> **EXERCISE INSTRUCTIONS**: With the pictures left out, print exactly the lines below that run from the one containing "(W) 巴黎世家Triple S '米色' 524039W2FA59700 Cheap" through the one containing "Callaway Stretch Red".

> **DATA**:
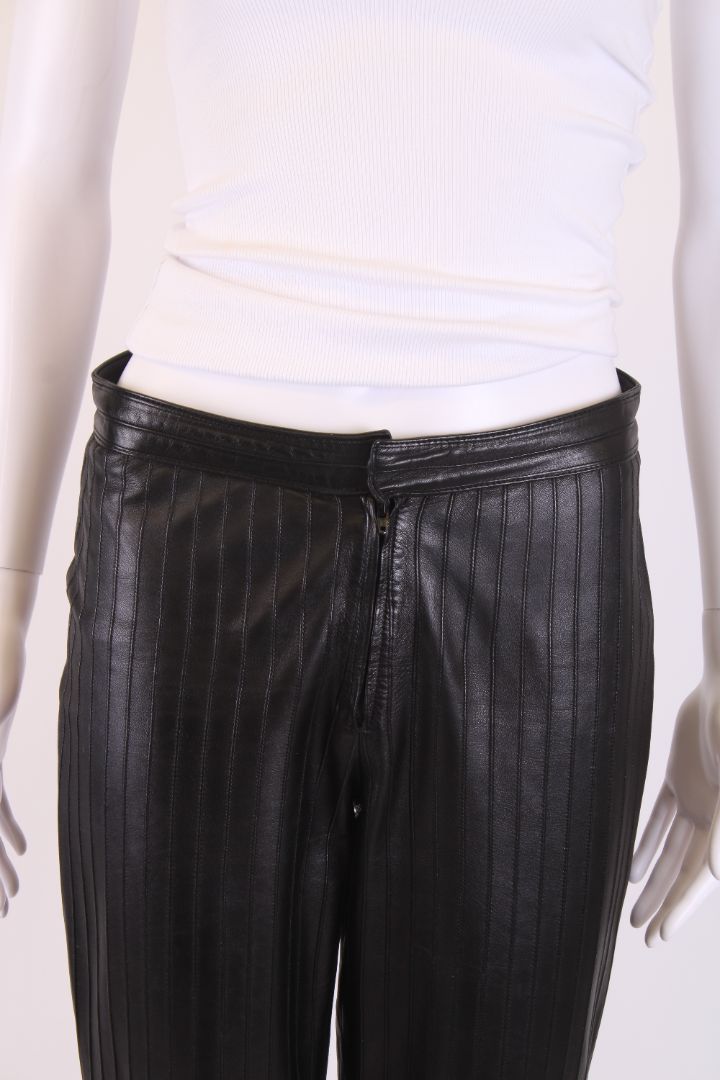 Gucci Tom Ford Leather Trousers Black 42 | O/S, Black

...

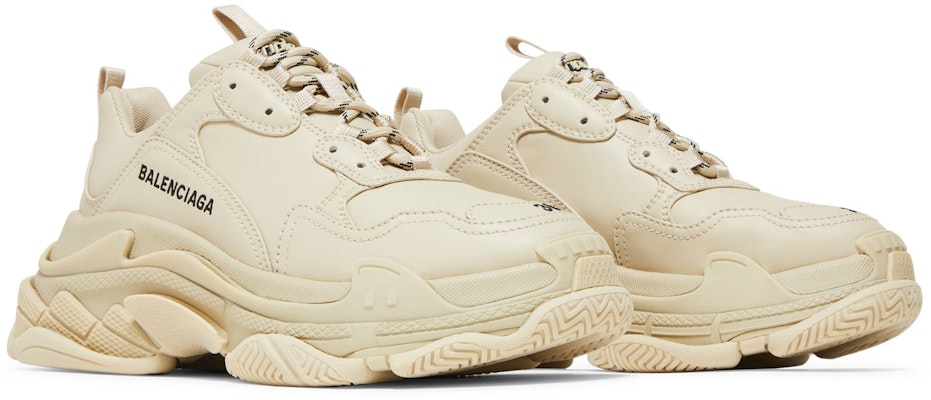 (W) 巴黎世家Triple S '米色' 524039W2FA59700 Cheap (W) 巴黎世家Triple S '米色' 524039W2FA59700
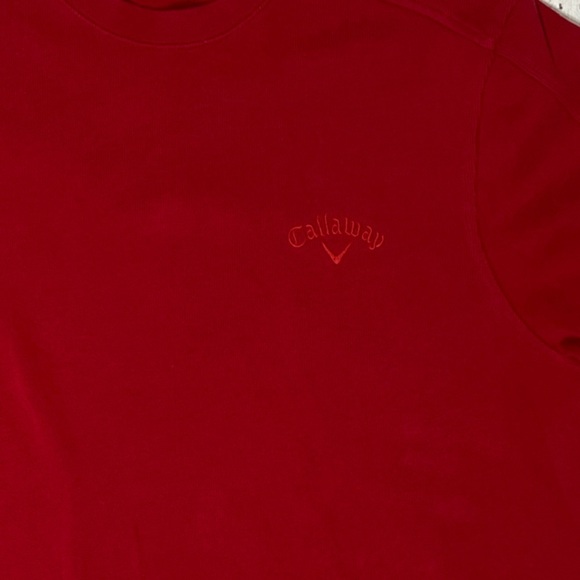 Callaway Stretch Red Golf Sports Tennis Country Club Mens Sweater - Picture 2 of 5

> **OUTPUT OF THE TASK**:
 (W) 巴黎世家Triple S '米色' 524039W2FA59700 Cheap (W) 巴黎世家Triple S '米色' 524039W2FA59700
 Callaway Stretch Red Golf Sports Tennis Country Club Mens Sweater - Picture 2 of 5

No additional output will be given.